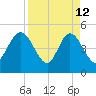 Sawpit Creek tide chart for Sunday, April 12, 2026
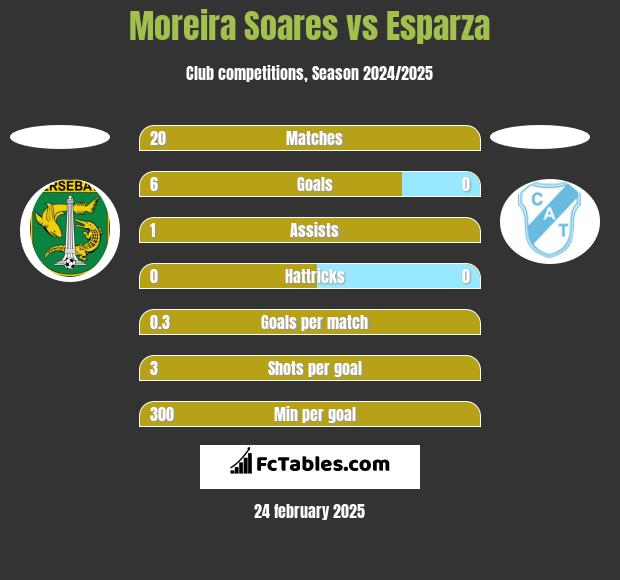 Moreira Soares vs Esparza h2h player stats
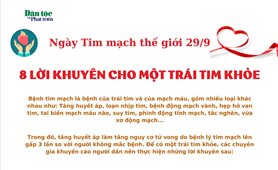 Ngày Tim mạch thế giới 29/9: 8 lời khuyên cho một trái tim khỏe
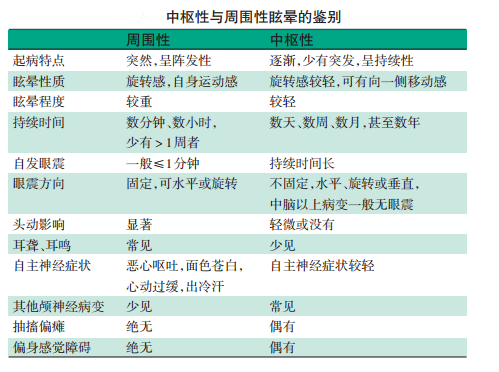 部分前庭系统以外疾病也可引起眩晕,称为假性眩晕.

########################################

PROMPT
Would you set down, word for word, the lines running from the one that contains "Ngày Tim mạch" to the last line of the material, omitting all pictures?

OUTPUT OF THE EXERCISE
 Ngày Tim mạch thế giới 29/9: 8 lời khuyên cho một trái tim khỏe
 部分前庭系统以外疾病也可引起眩晕,称为假性眩晕.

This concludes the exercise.